Count the number of observations in a dataset, possibly missing or non missing for a given variable.

%ds_count(dsn, _nobs_=, miss=, nonmiss=, distinct=no, lib=WORK);

Arguments

  • dsn : a dataset;
  • miss : (option) the name of variable/field in the dataset for which only missing observations are considered; default: miss is not set;
  • nonmiss : (option) the names of variable/field in the dataset for which only NON missing observations are considered; this is obviously compatible with the miss argument above only when the variables differ; default: nonmiss is not set;
  • distinct : (option) boolean flag (yes/no) set to count only distinct values; in practice, runs a SQL SELECT DISTINCT process instead of a simple SELECT; default: no, i.e. all values are counted;
  • lib : (option) name of the input library; by default: WORK is used.

Returns

_nobs_ : name of the macro variable used to store the result number of observations; by default (i.e., when neither miss nor nonmiss is set, the total number of observations is returned).

Example

Let us consider the table _dstest28:

geo value
' '1
AT .
BG 2
'' 3
FR .
IT 5

then we can compute the TOTAL number of observations in _dstest28:

%local nobs;
%ds_count(_dstest28, _nobs_=nobs);

returns nobs=6, while:

%ds_count(_dstest28, _nobs_=nobs, nonmiss=value);

returns the number of observations with NON MISSING value, i.e. nobs=4, and:

%ds_count(_dstest28, _nobs_=nobs, miss=value, nonmiss=geo);

returns the number of observations with MISSING value and NON MISSING geo at the same time, i.e. nobs=1.

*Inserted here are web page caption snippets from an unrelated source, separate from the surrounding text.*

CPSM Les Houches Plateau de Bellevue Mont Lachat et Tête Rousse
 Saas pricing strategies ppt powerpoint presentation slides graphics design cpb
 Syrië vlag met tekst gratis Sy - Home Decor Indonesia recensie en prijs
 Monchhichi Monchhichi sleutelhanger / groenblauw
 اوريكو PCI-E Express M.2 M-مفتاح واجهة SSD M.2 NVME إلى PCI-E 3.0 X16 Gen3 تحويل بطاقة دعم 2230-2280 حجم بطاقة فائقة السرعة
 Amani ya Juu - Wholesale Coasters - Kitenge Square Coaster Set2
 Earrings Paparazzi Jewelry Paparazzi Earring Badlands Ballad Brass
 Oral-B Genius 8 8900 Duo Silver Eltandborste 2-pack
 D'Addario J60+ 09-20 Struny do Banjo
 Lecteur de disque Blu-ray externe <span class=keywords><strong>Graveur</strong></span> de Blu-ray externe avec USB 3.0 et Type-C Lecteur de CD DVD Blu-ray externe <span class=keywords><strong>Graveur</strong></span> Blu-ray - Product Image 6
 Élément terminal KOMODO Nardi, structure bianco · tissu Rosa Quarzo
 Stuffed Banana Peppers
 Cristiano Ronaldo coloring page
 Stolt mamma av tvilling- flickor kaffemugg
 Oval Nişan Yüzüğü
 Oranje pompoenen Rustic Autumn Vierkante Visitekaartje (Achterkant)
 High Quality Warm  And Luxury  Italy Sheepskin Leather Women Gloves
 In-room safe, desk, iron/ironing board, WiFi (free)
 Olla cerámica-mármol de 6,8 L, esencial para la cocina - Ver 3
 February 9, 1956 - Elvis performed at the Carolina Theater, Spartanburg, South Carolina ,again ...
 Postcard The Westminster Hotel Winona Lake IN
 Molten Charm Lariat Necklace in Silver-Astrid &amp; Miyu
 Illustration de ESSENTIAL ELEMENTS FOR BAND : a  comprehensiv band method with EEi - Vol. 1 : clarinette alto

Run macro %_example_ds_count for more examples.

Notes

  1. This macro relies on %obs_count macro since it actually runs:
%obs_count(&dsn, _ans_=&_nobs_, where=&where, pct=no, lib=&lib);

with where defined, when both miss and nonmiss parameters are passed for instance, as the SAS expression &miss is missing and not(&nonmiss is missing).

  1. In practice, running the commands (which imply the creation of an intermediary table):
%ds_count(dsn, _nobs_=c0, lib=lib);
%ds_select(dsn, _tmp, where=&cond, ilib=lib);
%ds_count(_tmp, _nobs_=c1, lib=lib);

provides with a result equivalent to simply launching:

%let ans=;
%obs_count(dsn, where=&cond, _ans_=ans, pct=yes, lib=WORK);

and comparing the values of c0 and c1:

%if &c1=&c0 %then %let ans=100;
%else %if &c1 < &c0 %then %let ans=%sysevalf(100* &c1/&c0);
%else %let ans=0;

References

  1. "Counting the number of missing and non-missing values for each variable in a data set".
  2. Hamilton, J. (2001): "How many observations are in my dataset?".

See also

%obs_count, %var_count, %ds_check, %ds_isempty, %var_check.